In dit besluit is een afzonderlijk artikel opgenomen voor de aanpak van gevallen van ernstige verontreiniging van waterbodems. De bepaling behelst een voortzetting van het huidige beleid, in afwachting van het nieuwe beleid voor waterbodems dat thans wordt ontwikkeld. Het huidige beleid houdt in, dat indien het bevoegd gezag van oordeel is, dat milieuhygiënische, technische of financiële omstandigheden een sanering als bedoeld in artikel 38, eerste lid, van de wet niet rechtvaardigen, degene die saneert mag volstaan met het treffen van IBC-maatregelen.

Milieuhygiënische locatiespecifieke omstandigheden zijn bijvoorbeeld omstandigheden waarin ontgraving extreme gevaren voor de omgeving oplevert of slechts het verplaatsen van een stortplaats van een oude locatie naar een nieuwe betekent. Technische locatiespecifieke omstandigheden zijn bijvoorbeeld geofysische, geohydrologische of civieltechnische belemmeringen voor ontgraving. Met financiële locatiespecifieke omstandigheden wordt gedoeld op extreme kostenverschillen tussen IBC-maatregelen en de volledige verwijdering van de verontreiniging.

Het bevoegd gezag kan bij de beoordeling of de milieuhygiënische, technische of financiële omstandigheden geen multifunctionele sanering rechtvaardigen onder meer doelmatigheidsoverwegingen, milieu- en maatschappelijke rendementsoverwegingen betrekken.
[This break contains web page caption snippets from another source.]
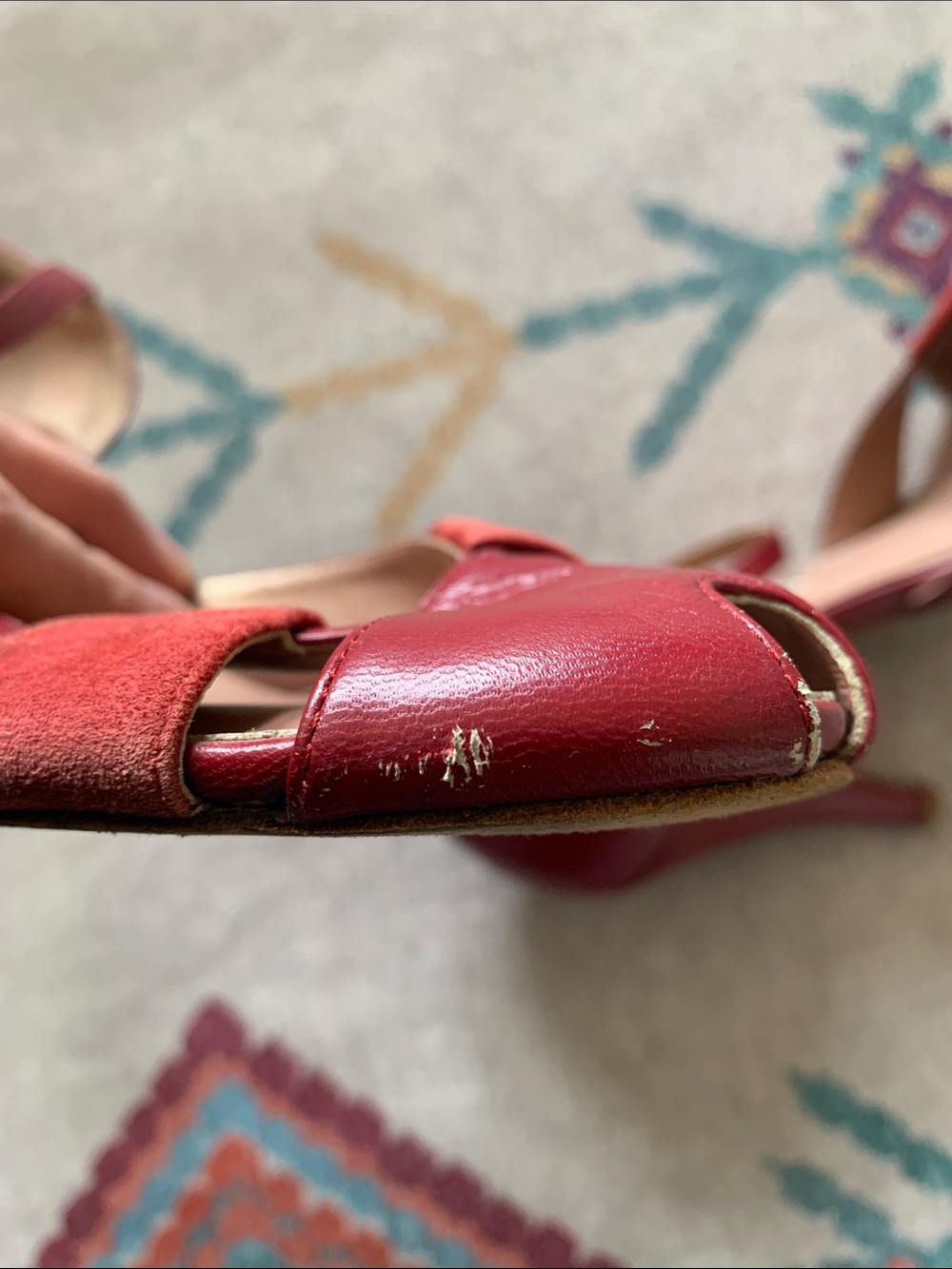 C Label Red Open-Toe Ankle Strap Heels - Picture 4 of 6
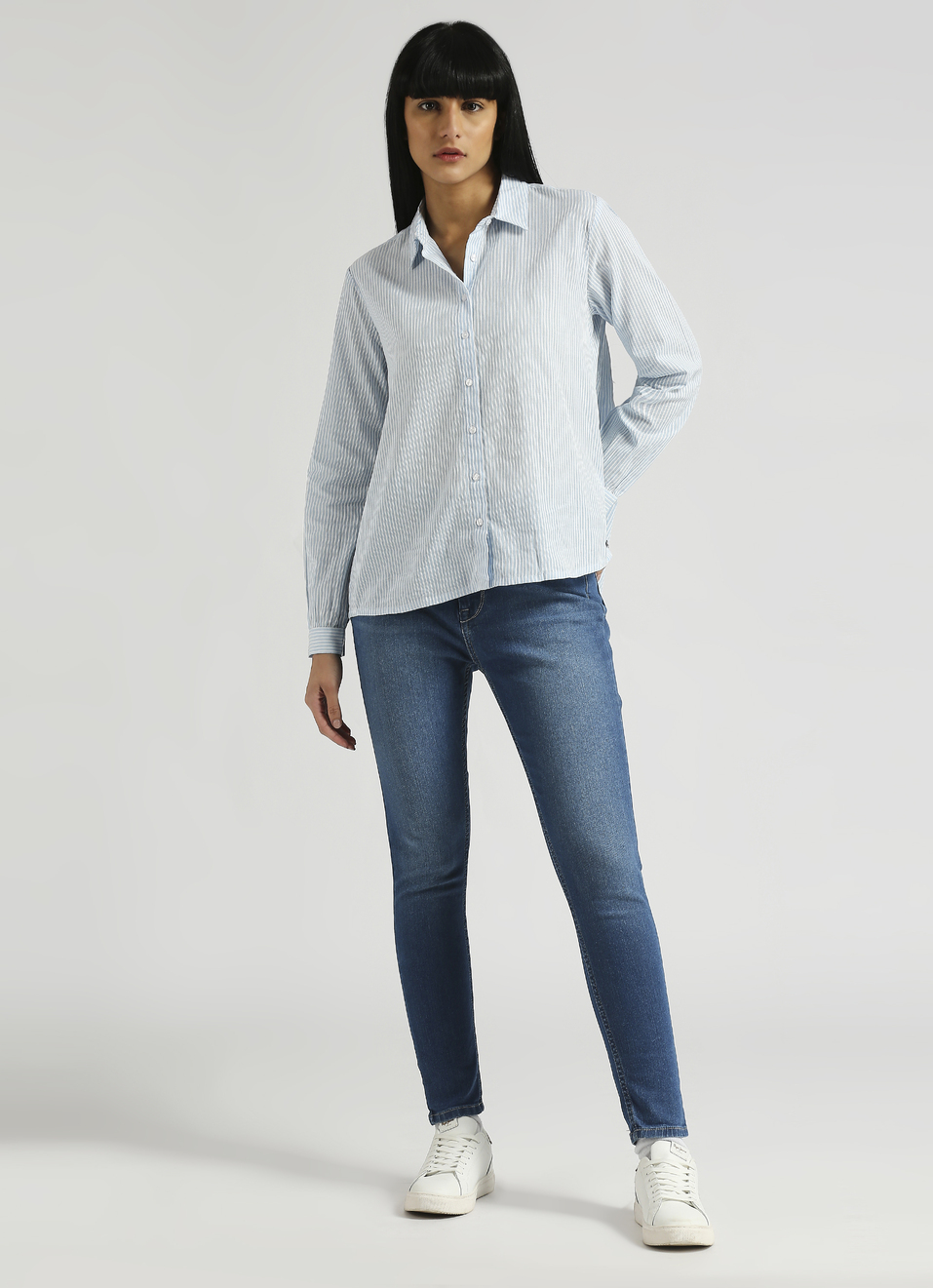 Blue Narrow Stripes Long Sleeve Shirt, , large image number 5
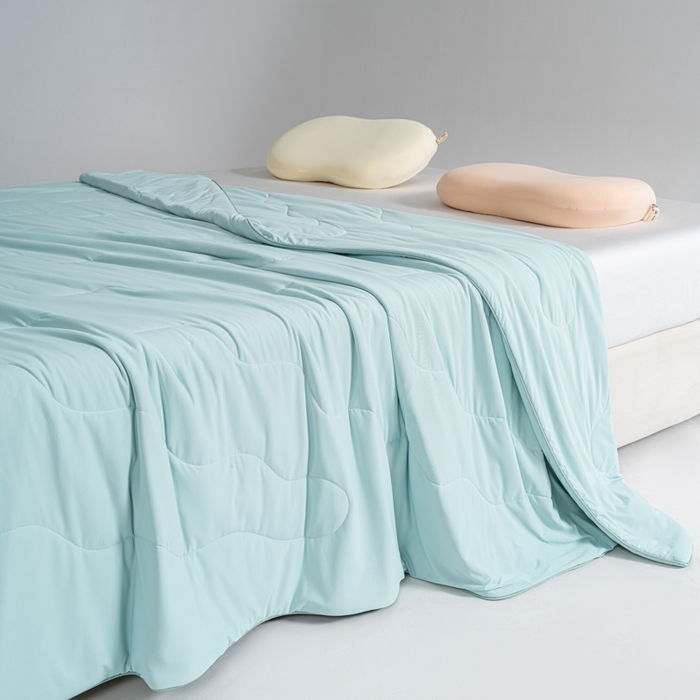 91家纺网 家纺一手货源 找家纺 CINNY馨宜 2026春夏新款瓜瓜锦氨凉感夏被夏凉被空调被 云水蓝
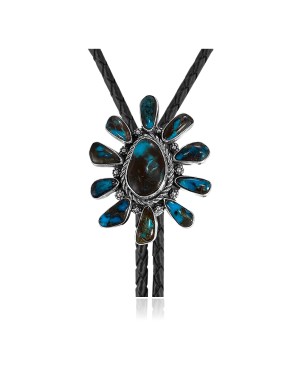 Flower .925 Sterling Silver Certified Authentic Handmade Navajo Native American Natural Turquoise Bolo Tie 34256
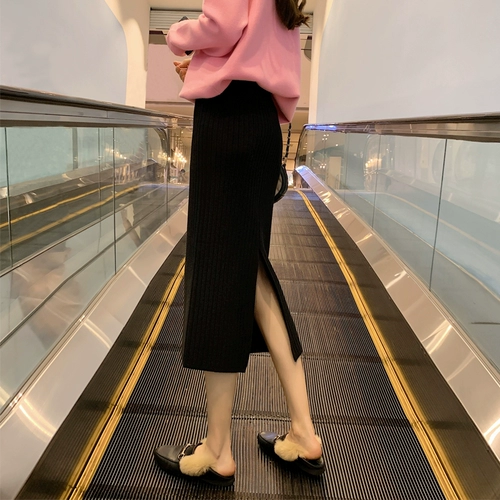 Трикотажная демисезонная длинная шерстяная юбка, увеличенная толщина, средней длины, высокая талия, свободный прямой крой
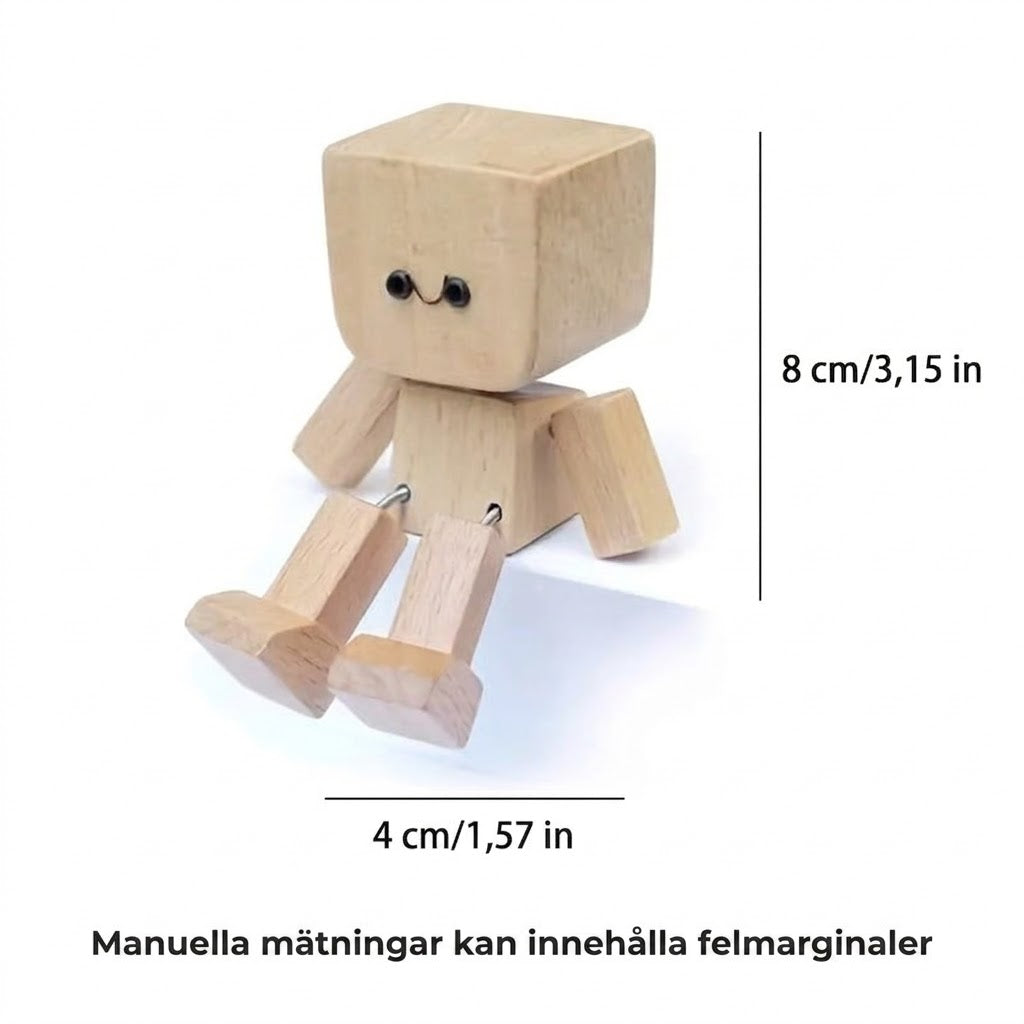 Charmerende lille træfigur med 12 magnetiske ansigtsudtryk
De specifieke transportprocessen die in het watersysteem voorkomen maken van deze overwegingen deel uit. De milieuhygiënische, technische en financiële omstandigheden zijn nader omschreven in de Circulaire Saneringsregeling Wet bodembescherming: beoordeling en afstemming (Stcrt. 1998, 6), waarin wordt verwezen naar de LSO-notitie (opgenomen in bijlage 6 bij de circulaire). Deze circulaire zal als gevolg van de vaststelling van het onderhavige besluit opnieuw worden vastgesteld.

De Minister van Volkshuisvesting, Ruimtelijke Ordening en Milieubeheer,

..

1 Brief van de Minister van Volkshuisvesting, Ruimtelijke Ordening en Milieubeheer van 19 juni 1997 aan de Tweede Kamer (Kamerstukken II 1996/97, 24 411, nr. 1) inzake het kabinetsstandpunt over het interdepartementaal beleidsonderzoek bodemsanering.

2 Brief van de Minister van Volkshuisvesting, Ruimtelijke Ordening en Milieubeheer van 3 december 1999 aan de Tweede Kamer (Kamerstukken II 1999-2000, 25 411, nr.7) inzake het kabinetsstandpunt over de functiegerichte en kosteneffectieve aanpak van de bodemverontreiniging.

3 Kamerstukken II 1997/98, 25 908, nr. 1.

4 Kamerstukken II 1998/99, 26 401, nr. 1.

5 Zie ook punt 2.2.4 van de uitspraak van de Afdeling bestuursrechtspraak Raad van State van 9 september 1999, nr. E03.96.1046.

6 Brief van de Minister van Volkshuisvesting, Ruimtelijke Ordening en Milieubeheer van 3 december 1999 aan de Tweede Kamer (Kamerstukken II 1999-2000, 25 411, nr. 7) inzake het kabinetsstandpunt over het Interdepartementaal beleidsonderzoek bodemsanering.

7 Kamerstukken II 1998/99, 26 401, nr. 1.